SSO from security agents is available for EPM System web applications only. In this scenario, EPM System products use the user information provided by the security agent to determine access permissions of users. To enhance security, Oracle recommends that direct access to the servers be blocked by firewalls so that all requests are routed through an SSO portal.
SSO from access management systems is supported by accepting authenticated user credentials through an acceptable SSO mechanism. See Supported SSO Methods. The access management system authenticates users and passes their login name to EPM System. EPM System verifies the login names against configured user directories.
See these topics.
The illustrated concept:
Using a browser, users request access to a resource protected by an access management system, for example; Oracle Access Manager, or SiteMinder.
Note:
EPM System products are defined as resources protected by the access management system.

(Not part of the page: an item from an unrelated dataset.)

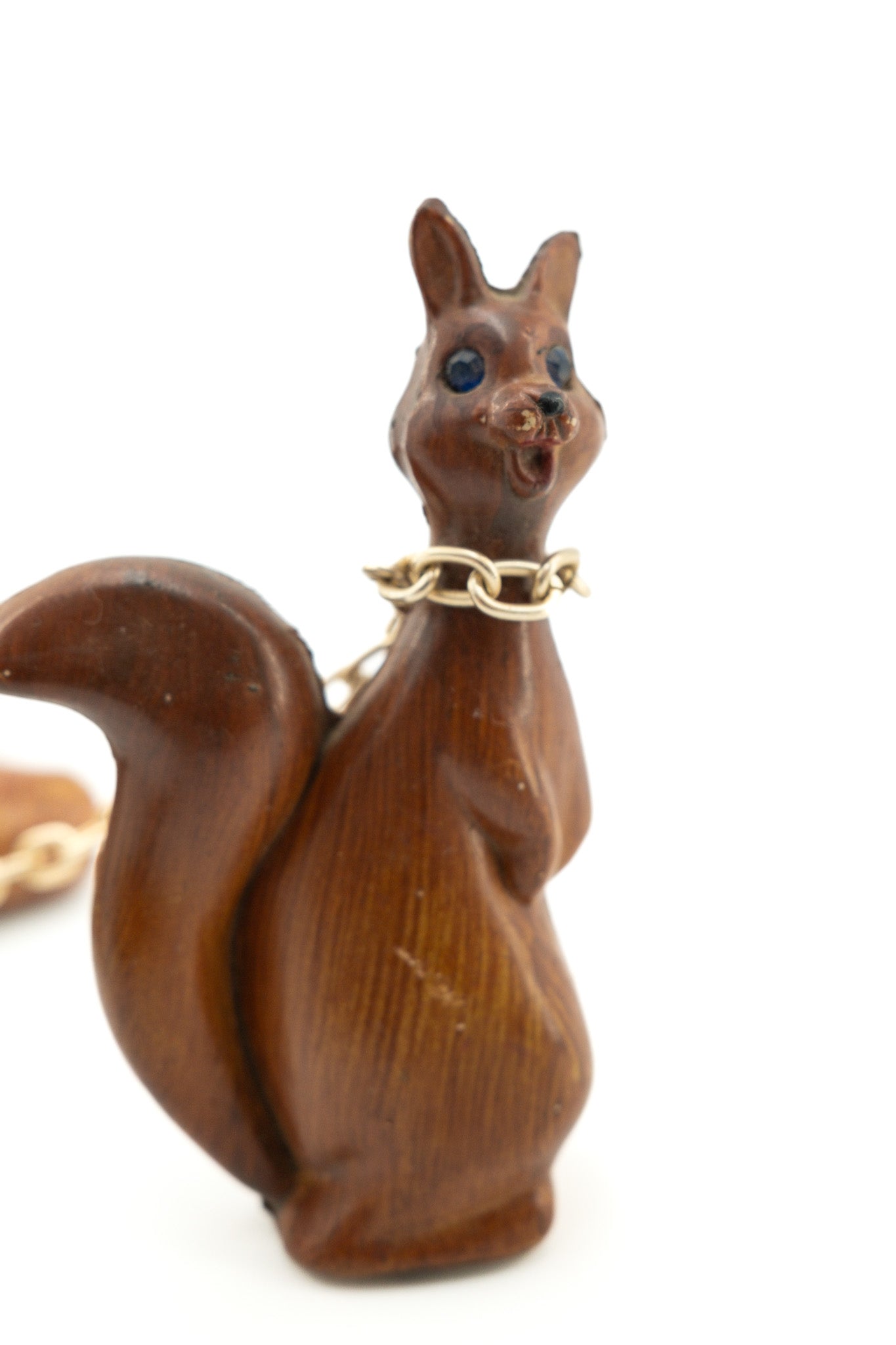 Squirrel Figurines with Chains (Set of 3) / リス 親子フィギュア 3点セット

The access management system intercepts the request and presents a login screen. Users enter user names and passwords, which are validated against configured user directories in the access management system to verify user authenticity. EPM System products are also configured to work with these user directories.
Information about the authenticated user is passed to the EPM System product, which accepts the information as valid.
If the user logged on to SAP Portal, an SAP logon ticket is passed to the EPM System product, which decrypts the SAP logon ticket using an SAP certificate.
The access management system passes the user's login name (value of Login Attribute) to the EPM System product using an acceptable SSO mechanism. See Supported SSO Methods.
To verify user credentials, the EPM System product tries to locate the user in a user directory. If a matching user account is found, user information is returned to the EPM System product. EPM System security sets the SSO token that enables SSO across EPM System products.
Using the retrieved user information, the EPM System product queries the Native Directory to obtain provisioning details for the user.
Upon receiving user provisioning information, the EPM System product is made available to the user. SSO is enabled for all EPM System products for which the user is provisioned.